To give some idea of how fast you can build a test tool for something like Accessible Name, the entire Chrome extension from a standing start was completed and tested in a weekend. It took much longer to create the 10 pages of test content that it did to create the first draft of the code. Testing of the tool, however, is back to manual inspection at human speed, which is why only 5 of 10 pages have been manually checked so far. Is it possible to automate that testing? Definitely and the pages are designed to do so. If you inspect the test pages, you will find classes added to tag element for testing, and to tag the result (passing, failing, warning).

I set out, in part, to try and teach people how easy it is to create your own tools, to inspire readers to try and build something, and hopefully to release it to the community as I have. To allow others to build and improve on our first, perhaps slight messy, slightly buggy first attempts. As a profession, we certainly need it, we need a breadth of knowledge on what can be tested and ways that can be automated that isn't IP locked away behind closed doors. We need to keep the commercial devs on their toes. No more automated tools that don't even test Aria roles properly. No more automated tools that don't catch the more obvious of edge cases.

Conclusion

Given that I develop accessibility testing tools professionally at the CNIB (Canadian National Institute for the Blind) Access Labs, I never seriously expected the specific testing task would fail, I chose a well understood aspect of accessibility to test. What was important was that it could be done quickly, easily, and comprehensively, building something that could take on and "compete" with commercial accessibility industry at least in a very small way. The word compete was in given in quotes because my little AI generated tool is not the same as a full page testing tool. It's not had the peer review, it's not had the testing a commercial tool should get. It's not a WAVE, it's not an Axe. But it too could be the inspiration for an open-source community-led one.

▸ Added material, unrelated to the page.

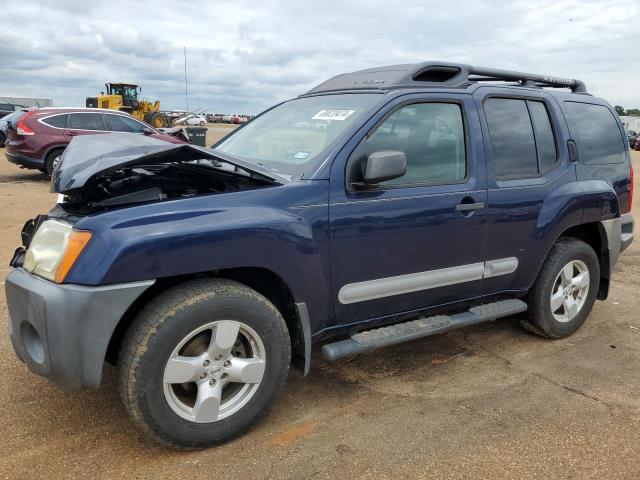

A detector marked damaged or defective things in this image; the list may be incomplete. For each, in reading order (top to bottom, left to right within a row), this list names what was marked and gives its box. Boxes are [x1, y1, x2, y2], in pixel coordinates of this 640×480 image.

damaged front end [51, 131, 286, 214]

The secondary goal: building accessibility automation tools quickly, at prompt-only level, with AI also succeeded, although with caveats that I've already mentioned in the discussion. It certainly has the potential to democratize test tool design and implementation. What's the value of secretive hoarding of expensive intellectual property when someone can create a tool from scratch in a weekend? Not the same tool, not the same scale, but still... Disruption beckons.

The Accessible Names Tool

Firstly, you will currently find the tool in my personal GitHub repository: https://github.com/bobdodd/carnforth

It is the source code for a Chrome browser extension. To install it you will need to set your browser to developer mode. Go to Chrome Extensions, and choose "Manage extensions". On that page there is a selector for developer mode in the top right corner. Once selected, choose "Load Unpacked" and select the directory/folder where you downloaded the extension. That should be enough, and the extension should appear as a tile on the page.

The tool runs from the developer tools in the browser. The fastest way to get to that on Chrome is to go to the page you want to test, right click on the page and choose "inspect". The developer tools will open. Go to the ">>" (double chevron) on the tools main menu, select it, and you will see "Accessible Names" as a menu item.

Have fun, and please let me know what you think of it, and any issues you find.

Please be aware that the tool is still being worked on, and I will update it over the next few weeks, fixing issues and adding features.

What Comes Next

This was originally just a toy to try building an accessibility plug-in/extension that could fix the issues in my testing of Accessible Name, and something for GAAD today. On balance, given what I can already find, it's probably worth making a more finished and tested version and adding it to the Chrome Extensions marketplace. For free, and still under the GPL, as a handy reminder to others to up their game if nothing else.

As I said earlier, I work for the CNIB (Canadian National Institute for the Blind) Access Labs, so there is a good chance that I will get to move the code to CNIB's GitHub, and then launch a finished, fully tested and branded version onto the Chrome Extensions marketplace from there.

Hopefully one of many, and not just as browser extensions.